*** Block opens ***
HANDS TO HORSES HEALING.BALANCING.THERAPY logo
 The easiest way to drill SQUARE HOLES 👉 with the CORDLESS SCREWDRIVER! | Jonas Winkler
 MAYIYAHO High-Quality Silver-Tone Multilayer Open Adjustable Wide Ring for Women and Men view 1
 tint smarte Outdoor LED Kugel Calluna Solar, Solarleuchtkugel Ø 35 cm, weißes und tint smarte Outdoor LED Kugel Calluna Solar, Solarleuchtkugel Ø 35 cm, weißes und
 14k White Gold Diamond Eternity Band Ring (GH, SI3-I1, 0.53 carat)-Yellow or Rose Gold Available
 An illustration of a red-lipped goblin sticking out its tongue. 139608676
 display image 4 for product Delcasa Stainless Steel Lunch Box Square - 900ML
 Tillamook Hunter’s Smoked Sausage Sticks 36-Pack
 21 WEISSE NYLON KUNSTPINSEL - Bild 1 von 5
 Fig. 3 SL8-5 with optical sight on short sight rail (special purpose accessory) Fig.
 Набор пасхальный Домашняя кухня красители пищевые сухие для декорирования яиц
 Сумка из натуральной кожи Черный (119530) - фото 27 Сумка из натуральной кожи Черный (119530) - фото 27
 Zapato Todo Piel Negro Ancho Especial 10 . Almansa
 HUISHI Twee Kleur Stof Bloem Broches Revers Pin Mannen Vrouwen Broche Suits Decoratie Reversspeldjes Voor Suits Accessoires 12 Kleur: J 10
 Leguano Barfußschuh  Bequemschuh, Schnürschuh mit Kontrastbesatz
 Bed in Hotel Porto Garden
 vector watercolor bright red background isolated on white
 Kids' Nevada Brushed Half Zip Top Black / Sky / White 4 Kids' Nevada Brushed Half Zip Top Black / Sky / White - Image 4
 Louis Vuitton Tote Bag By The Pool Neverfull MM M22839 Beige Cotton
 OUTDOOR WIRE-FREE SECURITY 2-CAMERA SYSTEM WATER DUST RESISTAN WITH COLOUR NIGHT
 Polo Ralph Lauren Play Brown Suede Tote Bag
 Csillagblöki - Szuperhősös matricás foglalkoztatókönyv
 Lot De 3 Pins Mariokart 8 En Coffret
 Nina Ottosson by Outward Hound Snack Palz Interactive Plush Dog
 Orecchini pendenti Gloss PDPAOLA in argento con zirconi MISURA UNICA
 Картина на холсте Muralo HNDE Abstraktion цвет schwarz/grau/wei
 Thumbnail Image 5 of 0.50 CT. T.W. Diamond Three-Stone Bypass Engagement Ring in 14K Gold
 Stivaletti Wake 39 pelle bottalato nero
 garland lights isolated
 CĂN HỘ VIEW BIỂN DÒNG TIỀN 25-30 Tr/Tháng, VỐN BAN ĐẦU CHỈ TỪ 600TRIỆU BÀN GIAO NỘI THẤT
*** Block closes ***
__WHAT THE TASK REQUIRES__
Would you copy out each line of the records above where the word "Gold" occurs?

__WRITTEN SOLUTION__
 14k White Gold Diamond Eternity Band Ring (GH, SI3-I1, 0.53 carat)-Yellow or Rose Gold Available
 Thumbnail Image 5 of 0.50 CT. T.W. Diamond Three-Stone Bypass Engagement Ring in 14K Gold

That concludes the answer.